Let $V \subseteq S$ be a neighborhood of $x$.
Then $V \setminus \left\{{x}\right\}$ is called a deleted neighborhood of $x$.
That is, it is a neighborhood of $x$ with $x$ itself removed.
Metric Space
Let $M = \left({A, d}\right)$ be a metric space.
Let $x \in A$.
Let $N_\epsilon \left({x}\right)$ be the $\epsilon$-neighborhood of $x$.
Then the deleted $\epsilon$-neighborhood of $x$ is defined as $N_\epsilon \left({x}\right) \setminus \left\{{x}\right\}$.
That is, it is the $\epsilon$-neighborhood of $x$ with $x$ itself removed.
It can also be defined as:
- $\left\{{y \in A: 0 < d \left({x, y}\right) < \epsilon}\right\}$
Complex Analysis
Let $x \in \C$ be a point in the complex plane.
Let $N_\epsilon \left({x}\right)$ be the $\epsilon$-neighborhood of $x$.
Then the deleted $\epsilon$-neighborhood of $x$ is defined as $N_\epsilon \left({x}\right) \setminus \left\{{x}\right\}$.
That is, it is the $\epsilon$-neighborhood of $x$ with $x$ itself removed.
It can also be defined as:
- $N_\epsilon \left({x}\right) \setminus \left\{{x}\right\} : = \left\{{y \in A: 0 < \left \vert{x - y}\right \vert < \epsilon}\right\}$
from the definition of $\epsilon$-neighborhood.
Real Analysis
Let $\alpha \in \R$ be a real number.
Let $N_\epsilon \left({\alpha}\right)$ be the $\epsilon$-neighborhood of $\alpha$:
- $N_\epsilon \left({\alpha}\right) := \left({\alpha - \epsilon .. \alpha + \epsilon}\right)$
Then the deleted $\epsilon$-neighborhood of $\alpha$ is defined as $N_\epsilon \left({\alpha}\right) \setminus \left\{{\alpha}\right\}$.
That is, it is the $\epsilon$-neighborhood of $\alpha$ with $\alpha$ itself removed.

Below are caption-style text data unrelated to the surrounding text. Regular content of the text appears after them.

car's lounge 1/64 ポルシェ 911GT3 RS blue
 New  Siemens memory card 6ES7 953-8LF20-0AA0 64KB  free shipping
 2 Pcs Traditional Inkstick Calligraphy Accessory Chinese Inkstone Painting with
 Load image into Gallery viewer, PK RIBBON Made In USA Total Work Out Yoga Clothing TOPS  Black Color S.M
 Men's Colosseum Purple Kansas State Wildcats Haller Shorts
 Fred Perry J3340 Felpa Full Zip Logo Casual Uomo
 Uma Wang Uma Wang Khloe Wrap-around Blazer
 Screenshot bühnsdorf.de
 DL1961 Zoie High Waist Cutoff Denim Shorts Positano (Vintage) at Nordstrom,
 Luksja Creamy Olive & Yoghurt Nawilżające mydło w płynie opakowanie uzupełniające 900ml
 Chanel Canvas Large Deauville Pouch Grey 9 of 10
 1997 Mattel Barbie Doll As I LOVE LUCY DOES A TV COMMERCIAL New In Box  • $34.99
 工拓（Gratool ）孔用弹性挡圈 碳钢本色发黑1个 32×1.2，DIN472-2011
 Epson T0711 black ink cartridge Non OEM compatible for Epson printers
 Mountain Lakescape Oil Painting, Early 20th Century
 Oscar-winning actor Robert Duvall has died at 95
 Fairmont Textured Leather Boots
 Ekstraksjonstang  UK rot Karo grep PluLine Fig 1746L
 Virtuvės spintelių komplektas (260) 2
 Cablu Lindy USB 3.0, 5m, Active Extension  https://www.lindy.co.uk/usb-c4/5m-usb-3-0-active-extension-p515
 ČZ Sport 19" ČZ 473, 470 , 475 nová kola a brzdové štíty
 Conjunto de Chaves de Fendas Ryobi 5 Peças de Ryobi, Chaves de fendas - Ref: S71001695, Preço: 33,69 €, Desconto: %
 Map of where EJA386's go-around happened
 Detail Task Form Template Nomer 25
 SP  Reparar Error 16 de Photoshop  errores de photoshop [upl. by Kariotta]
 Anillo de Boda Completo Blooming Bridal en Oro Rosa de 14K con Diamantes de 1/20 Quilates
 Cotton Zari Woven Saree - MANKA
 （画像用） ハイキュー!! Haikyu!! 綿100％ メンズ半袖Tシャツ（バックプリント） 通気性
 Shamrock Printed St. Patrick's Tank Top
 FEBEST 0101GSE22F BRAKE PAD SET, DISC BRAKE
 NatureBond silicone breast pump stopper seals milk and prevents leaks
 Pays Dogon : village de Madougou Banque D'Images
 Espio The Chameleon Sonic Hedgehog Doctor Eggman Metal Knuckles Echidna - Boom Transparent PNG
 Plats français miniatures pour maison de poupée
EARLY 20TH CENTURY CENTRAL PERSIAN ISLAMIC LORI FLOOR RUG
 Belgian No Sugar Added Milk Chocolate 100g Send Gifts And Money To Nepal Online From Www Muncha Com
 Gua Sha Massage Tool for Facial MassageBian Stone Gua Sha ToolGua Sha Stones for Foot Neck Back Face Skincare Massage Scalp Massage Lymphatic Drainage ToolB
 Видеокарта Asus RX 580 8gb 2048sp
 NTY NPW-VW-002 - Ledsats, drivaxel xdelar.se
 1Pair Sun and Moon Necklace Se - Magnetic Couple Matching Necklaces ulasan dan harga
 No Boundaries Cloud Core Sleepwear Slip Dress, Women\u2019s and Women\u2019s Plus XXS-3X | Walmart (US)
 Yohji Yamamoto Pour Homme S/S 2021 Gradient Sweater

It can also be defined as:
- $N_\epsilon \left({\alpha}\right) \setminus \left\{{\alpha}\right\} : = \left\{{x \in \R: 0 < \left \vert{\alpha - x}\right \vert < \epsilon}\right\}$
or
- $N_\epsilon \left({\alpha}\right) \setminus \left\{{\alpha}\right\} : = \left({\alpha - \epsilon .. \alpha}\right) \cup \left({\alpha .. \alpha + \epsilon}\right)$
from the definition of $\epsilon$-neighborhood.